The Gade Institute, Section for Microbiology and Immunology, University of Bergen, N-5021 Bergen, Norway.
Mol Cell Proteomics. 2011 Jan;10(1):M110.002527. doi: 10.1074/mcp.M110.002527. Epub 2010 Oct 28.
Precise annotation of genes or open reading frames is still a difficult task that results in divergence even for data generated from the same genomic sequence. This has an impact in further proteomic studies, and also compromises the characterization of clinical isolates with many specific genetic variations that may not be represented in the selected database. We recently developed software called multistrain mass spectrometry prokaryotic database builder (MSMSpdbb) that can merge protein databases from several sources and be applied on any prokaryotic organism, in a proteomic-friendly approach. We generated a database for the Mycobacterium tuberculosis complex (using three strains of Mycobacterium bovis and five of M. tuberculosis), and analyzed data collected from two laboratory strains and two clinical isolates of M. tuberculosis. We identified 2561 proteins, of which 24 were present in M. tuberculosis H37Rv samples, but not annotated in the M. tuberculosis H37Rv genome. We were also able to identify 280 nonsynonymous single amino acid polymorphisms and confirm 367 translational start sites. As a proof of concept we applied the database to whole-genome DNA sequencing data of one of the clinical isolates, which allowed the validation of 116 predicted single amino acid polymorphisms and the annotation of 131 N-terminal start sites. Moreover we identified regions not present in the original M. tuberculosis H37Rv sequence, indicating strain divergence or errors in the reference sequence. In conclusion, we demonstrated the potential of using a merged database to better characterize laboratory or clinical bacterial strains.

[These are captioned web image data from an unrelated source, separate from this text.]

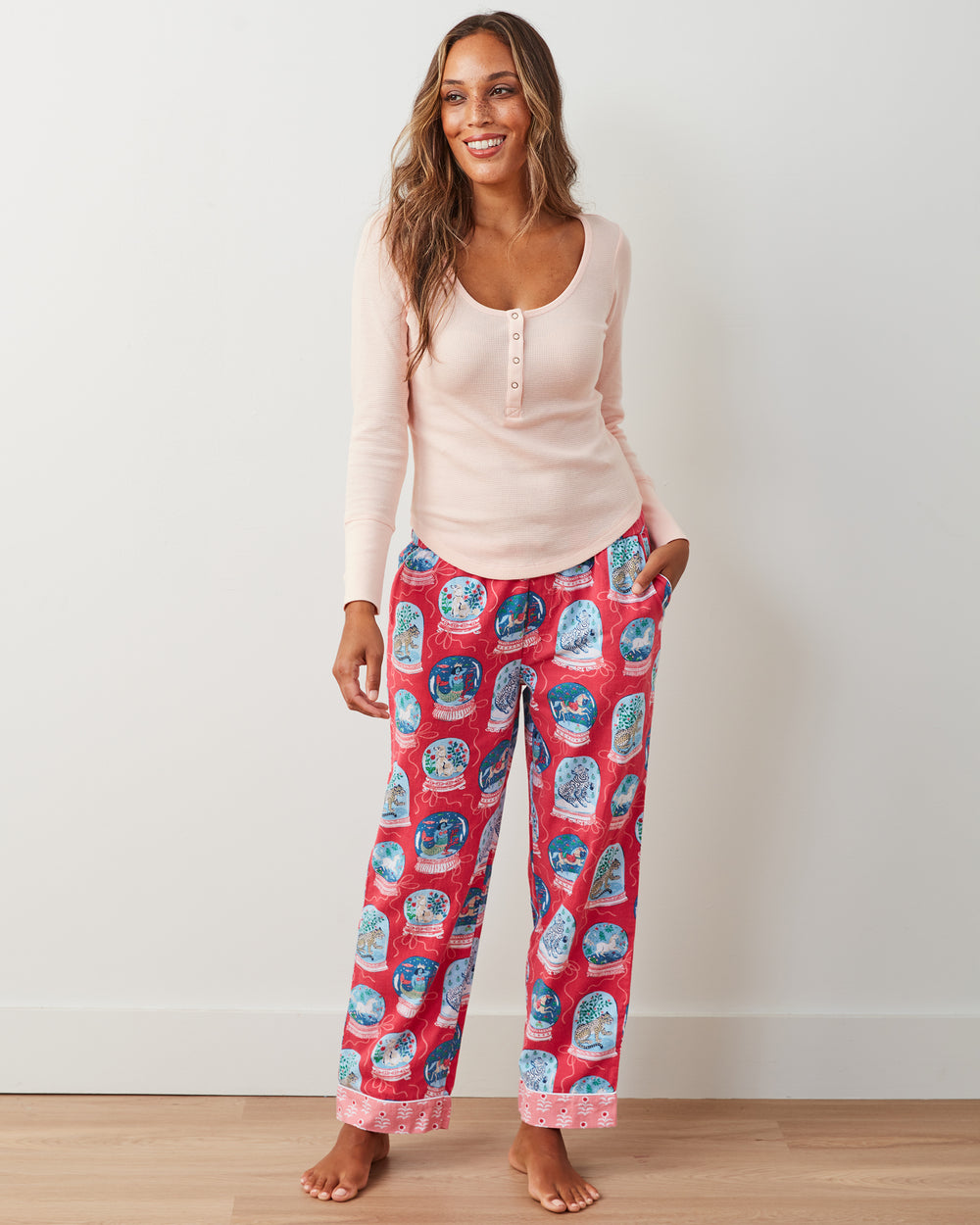 Snow Globe Magic - Henley & PJ Pants Set - Red Ribbon - Printfresh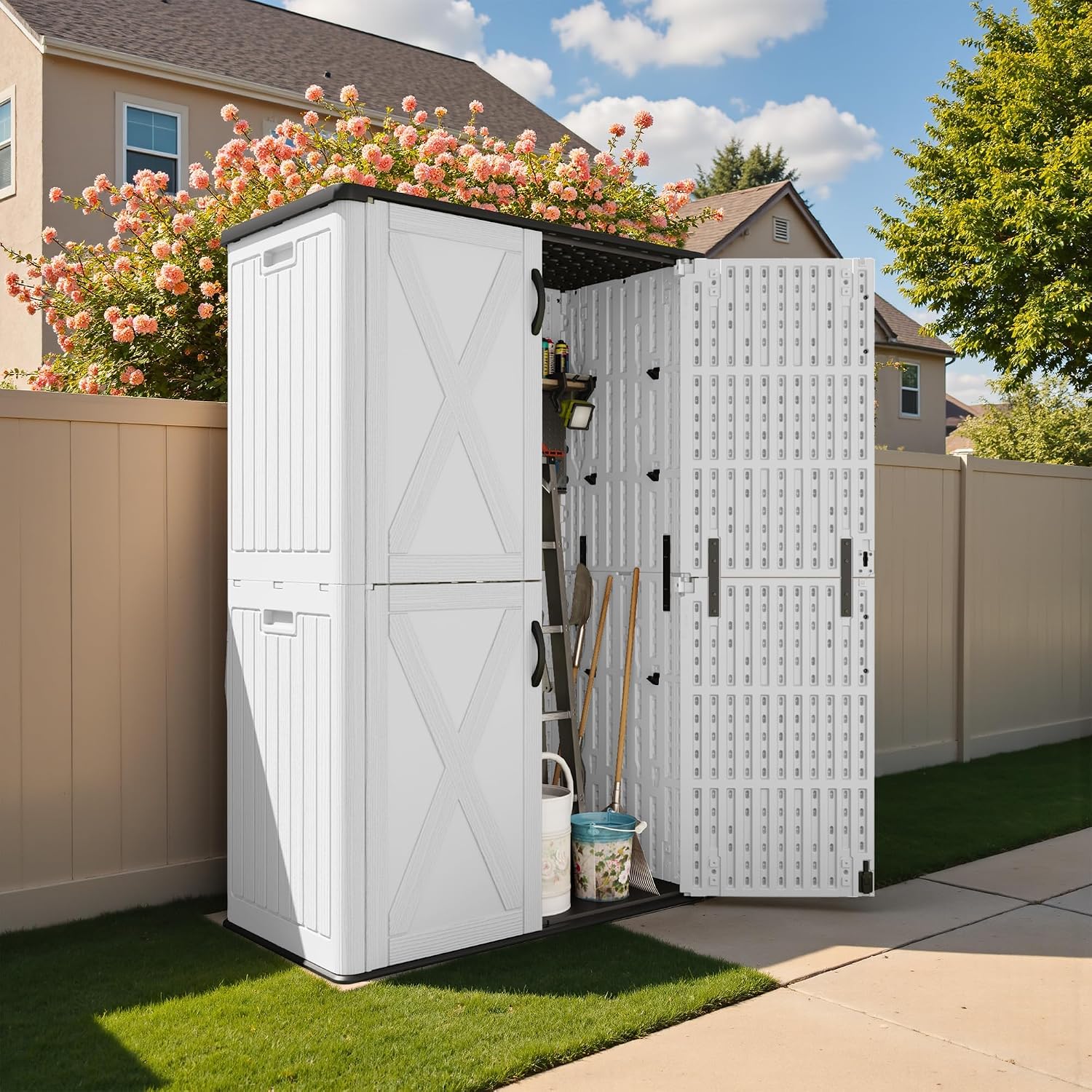 Devoko 50 Cu Ft Plastic Outdoor Storage Shed, Vertical Resin Storage Cabinet with Lockable Door, Durable Storage Shed for Patio Furniture, Pool Toys, Garden Tools, White, Shelf Not Included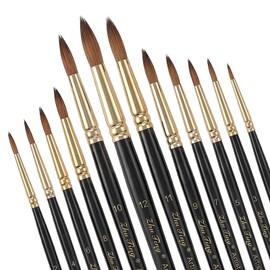 SULIKJHUI 12 Pcs Round Watercolor Brushes, Artist Watercolor Paint Brushes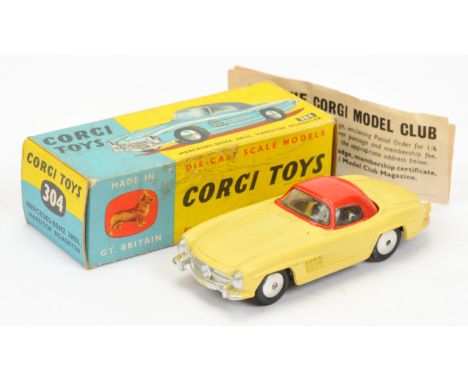 Corgi Toys 304 Mercedes 300SL Hardtop Roadster - yellow body with red hood,, silver trim and flat spun hubs - Excellent Plus 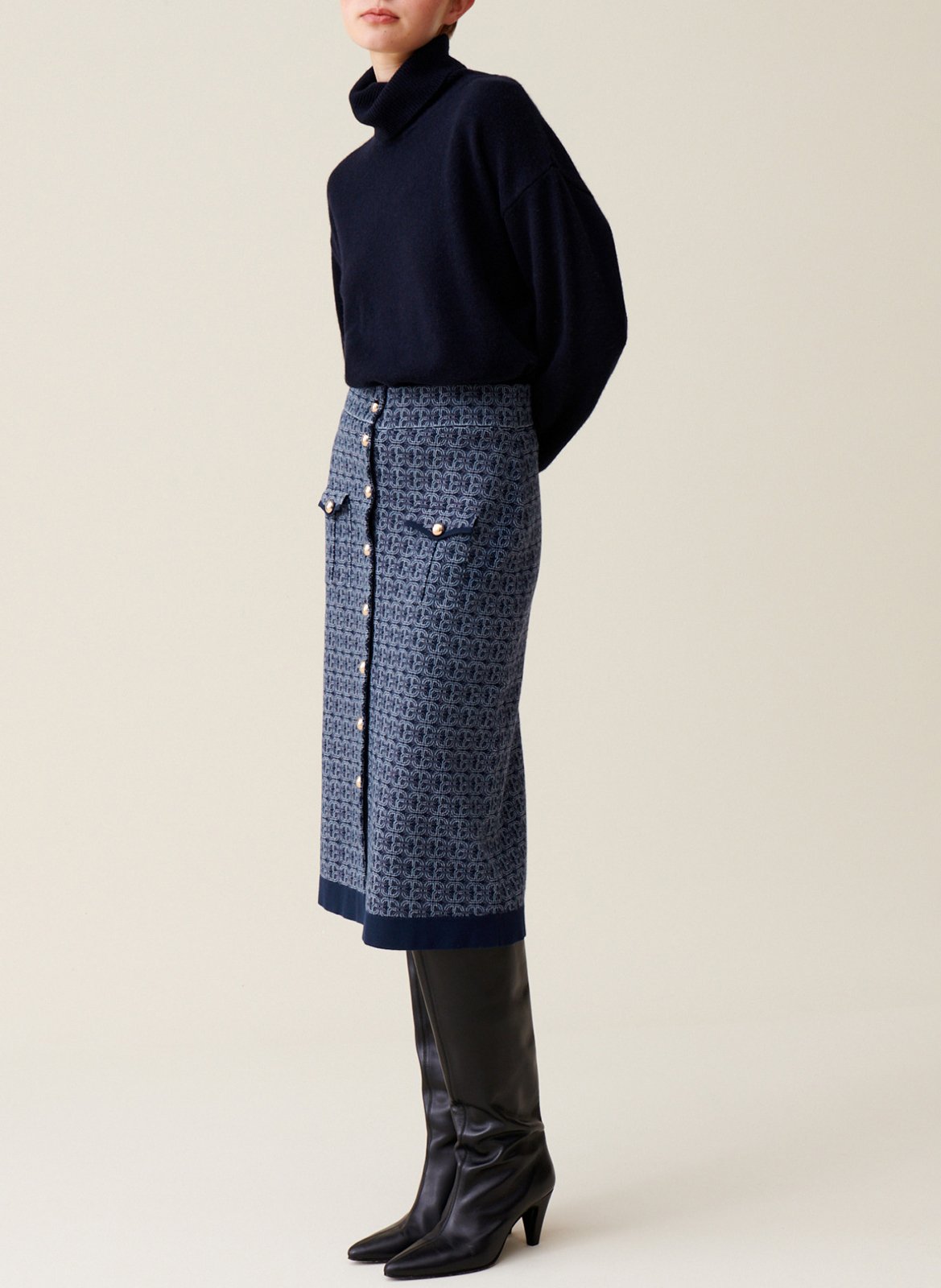 Jupe monogramme taille haute CLAUDIE PIERLOT Bleu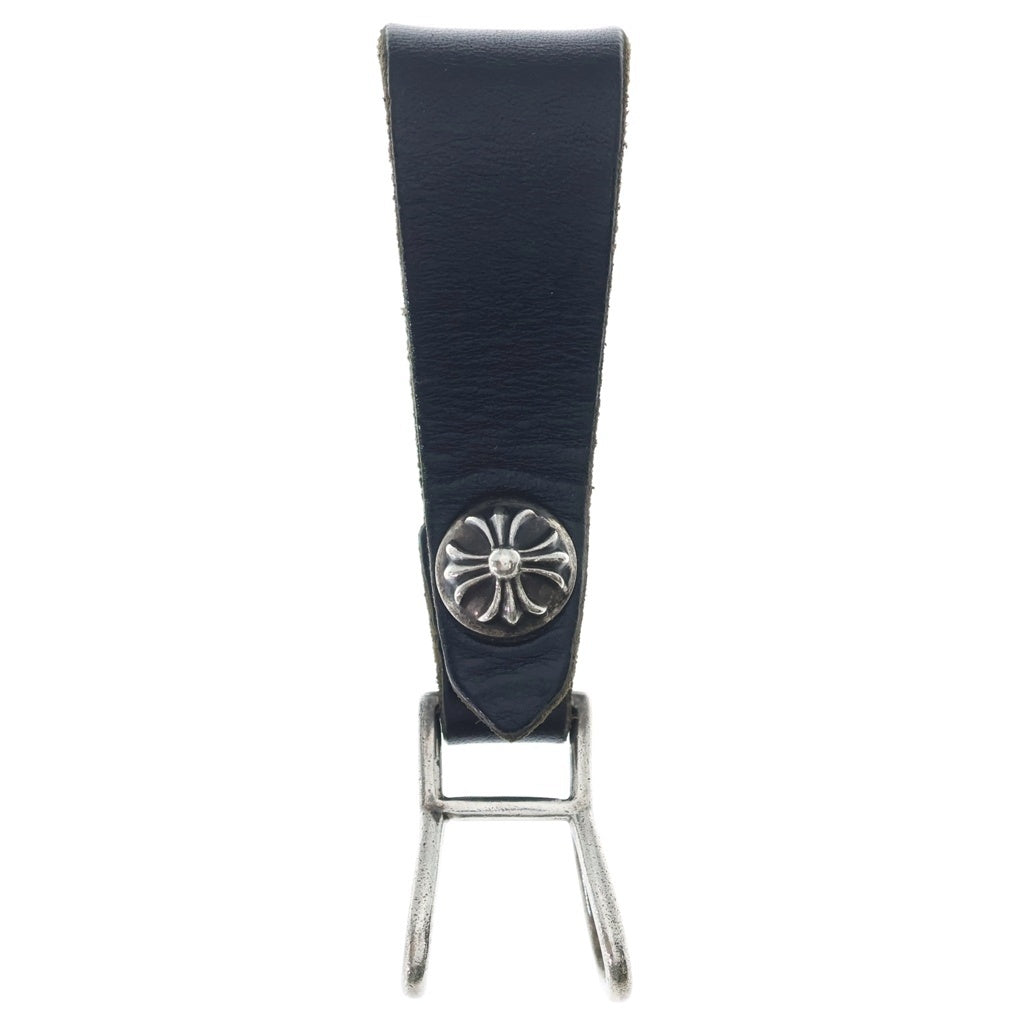 CHROME HEARTS(クロムハーツ) BELT LOOP クロスボールボタンレザーベルトループ シルバー/ブラック BCA397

精确注释基因或开放阅读框仍然是一项艰巨的任务,即使对于来自同一基因组序列的数据也会导致分歧。这对进一步的蛋白质组学研究有影响,也会影响对具有许多特定遗传变异的临床分离株的特征描述,而这些变异可能在所选数据库中没有得到体现。我们最近开发了一种名为多株质谱原核数据库构建器(MSMSpdbb)的软件,可以合并来自多个来源的蛋白质数据库,并以蛋白质组学友好的方式应用于任何原核生物。我们为结核分枝杆菌复合体生成了一个数据库(使用了 3 株牛分枝杆菌和 5 株结核分枝杆菌),并分析了来自两个实验室株和两个结核分枝杆菌临床分离株的数据。我们鉴定了 2561 种蛋白质,其中 24 种存在于结核分枝杆菌 H37Rv 样本中,但在结核分枝杆菌 H37Rv 基因组中未注释。我们还能够鉴定出 280 个非同义单氨基酸多态性,并确认了 367 个翻译起始位点。作为概念验证,我们将该数据库应用于其中一个临床分离株的全基因组 DNA 测序数据,从而验证了 116 个预测的单氨基酸多态性,并注释了 131 个 N 端起始位点。此外,我们还鉴定了在原始结核分枝杆菌 H37Rv 序列中不存在的区域,表明菌株的差异或参考序列的错误。总之,我们证明了使用合并数据库更好地描述实验室或临床细菌株的潜力。